I like how whenever somebody expresses their distaste for a certain person’s appearance, everyone who likes that person automatically accuses them of being ugly or fat, or that their past romantic involvements were all with ugly fat people, or that they are jealous or gay.
I like it, because it’s true.
Does that mean you have a huge vagina?
#20 – agreed. The ugly bikini probably is some designer crap that cost her two thousand dollars. Designer stuff is always ugly, people only think they look good because they had to fork over their first born child for it. Like every goddamn trendy monogrammed handbag – all ugly as sin.
too bad the boobies are fake, but it’s still refreshing to see a starlet that doesn’t resemble a dry, overcooked chicken wing being eaten by pigeons in a 99 cent store parking lot….with the face of a well-worn driving glove.

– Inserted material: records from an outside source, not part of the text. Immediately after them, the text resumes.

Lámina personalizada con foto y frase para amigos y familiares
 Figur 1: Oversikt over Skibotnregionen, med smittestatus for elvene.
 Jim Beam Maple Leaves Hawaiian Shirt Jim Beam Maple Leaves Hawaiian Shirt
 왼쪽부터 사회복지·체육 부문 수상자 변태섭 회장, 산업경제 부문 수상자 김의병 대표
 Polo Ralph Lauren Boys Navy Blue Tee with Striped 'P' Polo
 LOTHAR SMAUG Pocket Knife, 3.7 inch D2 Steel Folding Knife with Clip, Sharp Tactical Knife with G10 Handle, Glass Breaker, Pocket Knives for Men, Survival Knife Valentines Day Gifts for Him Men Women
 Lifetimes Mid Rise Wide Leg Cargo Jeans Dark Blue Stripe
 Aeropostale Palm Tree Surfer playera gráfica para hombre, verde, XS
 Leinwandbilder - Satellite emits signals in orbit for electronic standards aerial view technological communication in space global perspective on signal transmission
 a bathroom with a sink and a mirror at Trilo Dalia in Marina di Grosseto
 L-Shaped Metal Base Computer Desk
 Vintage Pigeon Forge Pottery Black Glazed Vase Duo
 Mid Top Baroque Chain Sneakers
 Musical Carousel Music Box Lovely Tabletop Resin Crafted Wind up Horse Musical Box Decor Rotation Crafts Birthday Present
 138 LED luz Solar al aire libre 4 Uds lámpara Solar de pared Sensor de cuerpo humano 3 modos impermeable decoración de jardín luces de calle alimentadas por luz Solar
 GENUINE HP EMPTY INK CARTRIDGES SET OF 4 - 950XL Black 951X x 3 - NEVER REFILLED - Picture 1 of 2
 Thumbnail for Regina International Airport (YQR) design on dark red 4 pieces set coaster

If she keeps wearing the sunblock, she won’t develop that turkey chin next year like Britney’s.
Breasts look real to me. She has a little chunk on her, which is nice IMHO, and matches her breasts well. I’ve never found her particularly attractive, though she was on the verge of hot in The Island. Ugly bikini, yes.
something about the way they sit in the second photo, but who knows?
lemme get this straight… SHE was voted sexiest woman of the year? WTF
*yawn* She bores me to tears. And that suit looks like she bought it off the discount rack at TJ Maxx.
#14 – Agreed!
She looks great – better than I expected…
I love the bikini- I’m guessing romantic Josh, suprised her with the trip and she did not have time to pack. She bought it in the hotel gift shop. The sufer on the bottom is riding that wave right to the promised land- You gotta love that. The breasts are real and real nice. Yes I;ld hit that, but I’ld hit just about anything right now that meets the following: pulse, female since birth, weighs less than me by at least 30 lbs, and recent STD screening Is that too much to ask.
Fake tits. Good except for the clip ons.
Yeah, looks great to me, are those the only two pics?
I never realized how really fat she is. Yikes. I feel bad for her weight but she still makes made cash.
Digging those bright-ass neon yellow spaghetti straps. I wonder if she has the matching puffy paint t-shirt..
I hate Josh hartnett. I hope the m*****f***er chokes on a hotdog.BTW papa can I second your motion
P.S. Tom still loves the cock
she looks great…from the neck down!
Giggity giggity giggity. Aww riight.
Fat, yes, she’s a heifer. She probably even eats food without even throwing it back up. LOL Scarlett you n00b. U don’t have teh mad anerexik skillz.
Ohhhhhhh!!! I get it now, so THATS why she’s famous.
This is a sexuality test. If when you looked at these pictures you thought:
[A] “OMG!!1! Scarlette’s boobies!” You’re a straight male.
[B] “Ewww! (Snarky comment along the lines of buying bikini at Wal*mart)” You’re either gay or a witty straight female.
[C] “Those are fake tits!” You’re a straight female, albeit mostly clueless because you fail to realize that no guy cares.